All of the operations defined in this set of operator classes could be hand coded as needed. The main thing they give you over a “roll you own” implementation is automatic handling of the following standard features of the MsPASS framework:

  • All handle error consistently using the mspasspy.ccore.util.ErrorLogger mechanism of MsPASS data objects.

  • All behave identically on some common error situations. There are three common errors all these functions handle. (1) If a key-value that the operator needs to fetch from Metadata is not defined the operator will kill the datum missing and log a standard message. (2) if the value extracted fails for the defined arithmetic operation the datum will again be killed with a standard message posted to the elog attribute of the data object. An example of this would be trying to do arithmetic on an attribute with a string value. (3) If the operator receives a datum that is not a MsPASS data object the operator will throw a MsPASSError object marked Fatal.

  • All the operators handle Ensembles in a consistent manner. Editing Metadata for an Ensemble object has an ambiguity because Ensemble objects often have attributes independent of the members (e.g. a common source gather may only have the source coordinates in the ensemble container.) To handle this all the apply methods have a common, optional argument apply_to_members. When set True the operator will automatically apply the operation to each member of the ensemble in a simple, serial loop. When false the operation is applied to the ensemble metadata container.

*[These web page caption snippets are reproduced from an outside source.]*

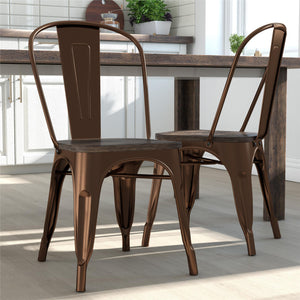DHP Fusion Stackable Dining Chairs, Set of 2 - Bronze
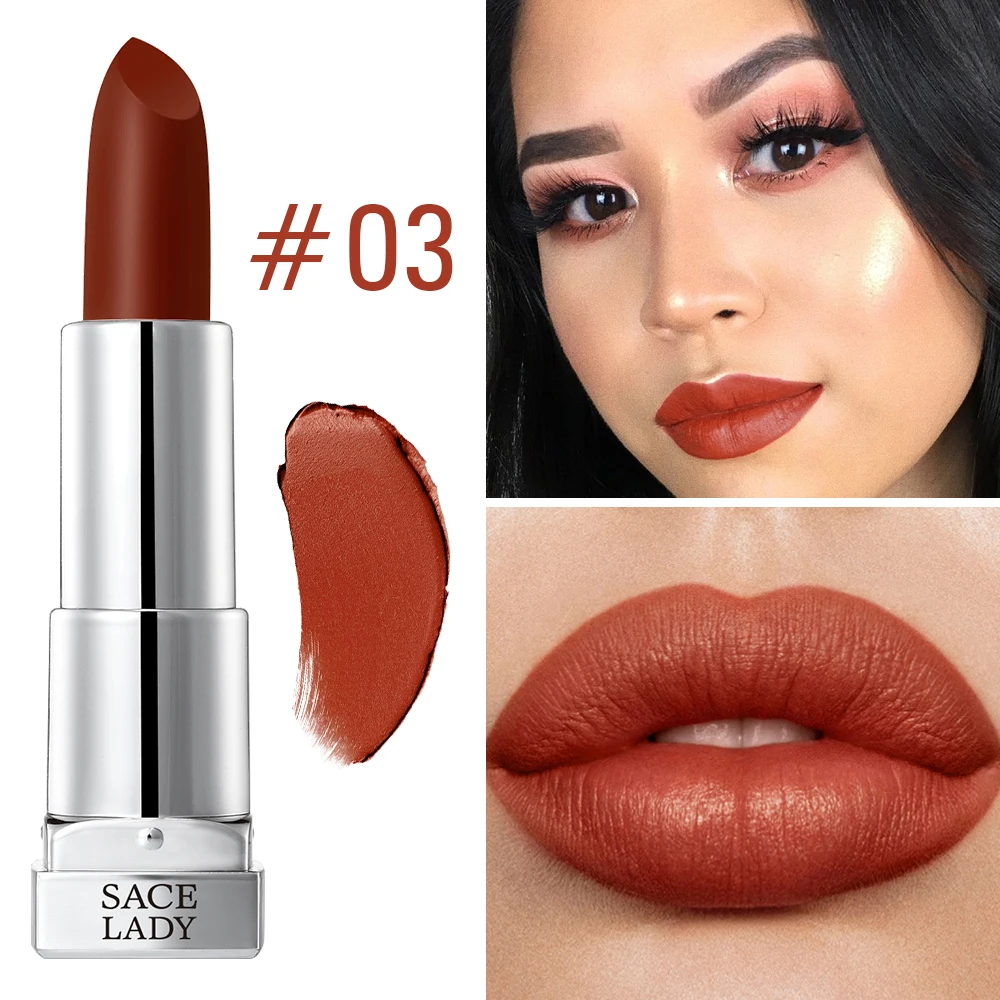 03 SACE LADY Шелковая матовая губная помада, макияж, 9 цветов, водостойкая, стойкая, Обнаженная губная помада, макияж, натуральные губы, красота, косметика, подарок - Цвет: 03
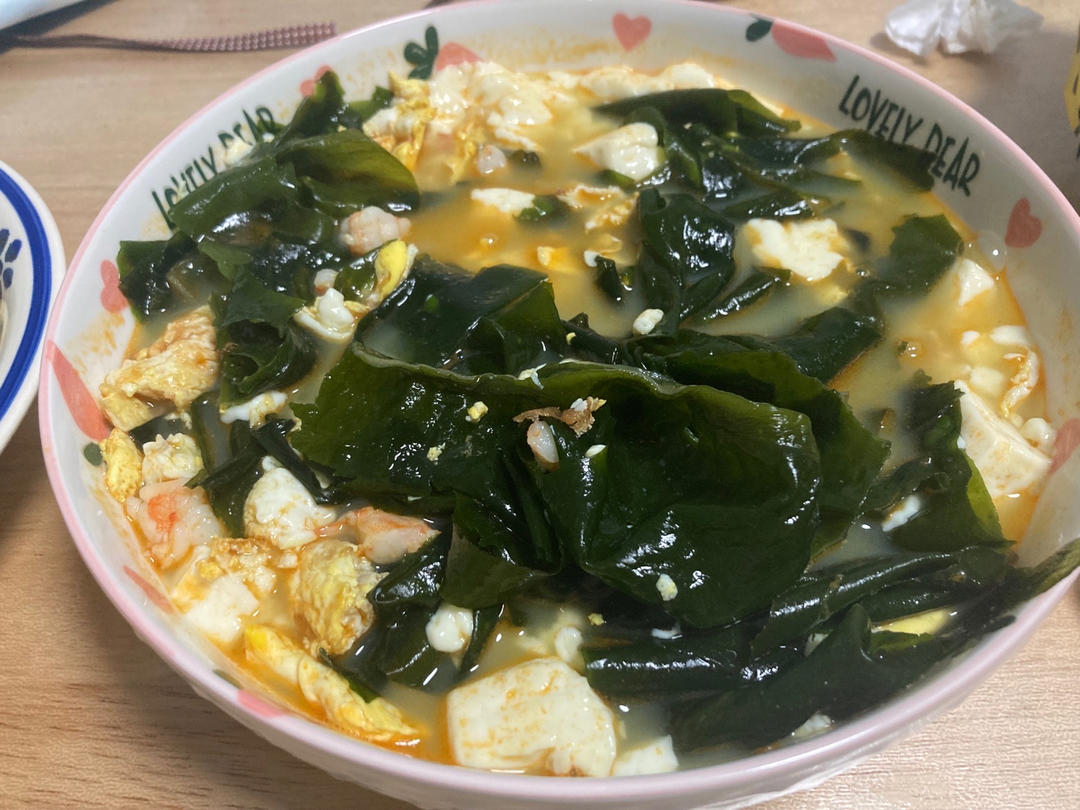 孩子增高汤 | 虾仁豆腐裙带菜汤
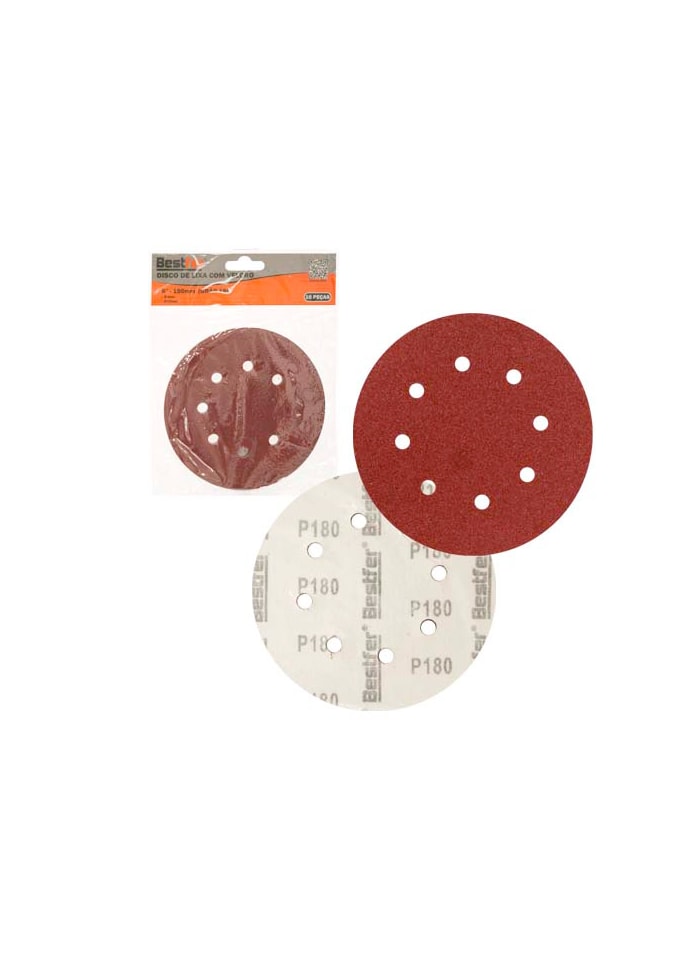 Disco de Lixa com Velcro 8 Furos P180 Bestfer - 1 un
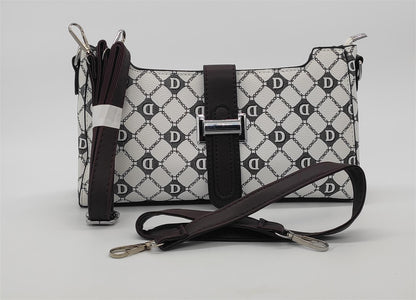 Designer Monogram Crossbody Bag -  Leather Shoulder Bag with Adjustable Strap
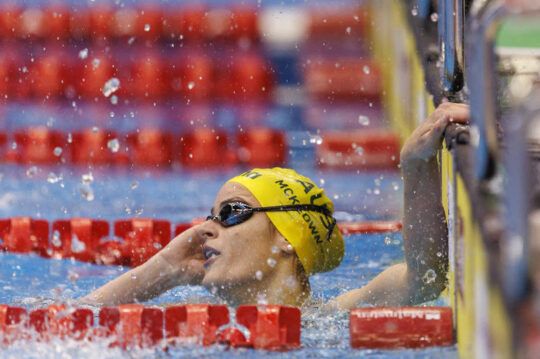 Kaylee McKeown EOWN of Australia celebrates after winning in the Women’s 200m Backstroke Final already her 3rd title after already winning the 50m and 100m Backstroke during the swimming events of the 20th World Aquatics Championships in Fukuoka, Japan, Saturday, July 29, 2023. (Photo by Patrick B. Kraemer / MAGICPBK)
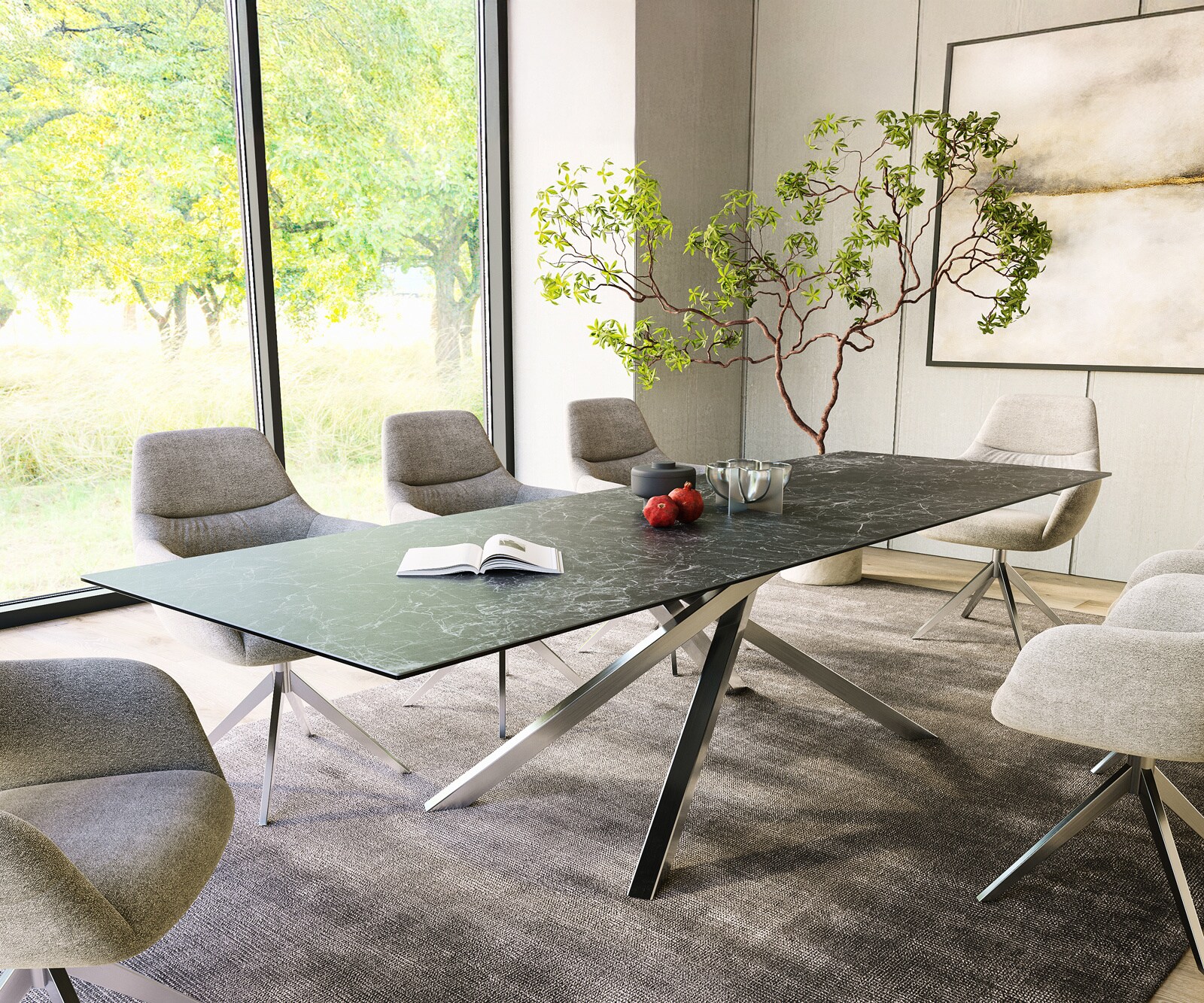 Eettafel Edge 300x100cm Laminam® keramiek grijs middenpoot kruis zilver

  • All the operators have wrappers to optionally enable the object-level history mechanism for each datum processed.

Best Practices

  1. It is important to be aware of the consistency of the Metadata attributes for a data set before running these operators. They will dogmatically kill data when required attributes are missing. If your data set has a lot of missing metadata required by the operator, the operators will kill every datum that is lacking that metadata attribute.

  2. It is far too easy to kill every datum in your data set if you read data by ensembles and fail to use the apply_to_members switch correctly. With the default value of False if you mix up the names for fields you set in the ensemble container and which you load with each atomic data object you can easily kill every ensemble in the data set. As always it is prudent to run tests with a restricted portion of the data to verify the operation does what you think it will before releasing a workflow on a huge data set.

  3. When you are aware that some data have deficient metadata attributes that are required for a calculation, it is prudent to first pass the workflow through one of the related Executioner classes to “kill” data that lack the required attributes.

  4. We have found that a chain of ChangeKey operator is almost always a far faster way to repair database name errors than to run one-at-a-time transactions with MongoDB. Millions of update transactions with MongoDB can (literally) take days to complete but the same operation done inline with a string of ChangeKey operations produces near zero overhead on any reasonable processing job. The same is true if the goal were to compute new attributes from all documents defining a large data set. It can be very slow to compute such attributes from a serial read-compute-update pure database compared to using the operators described in this section as a part of the workflow.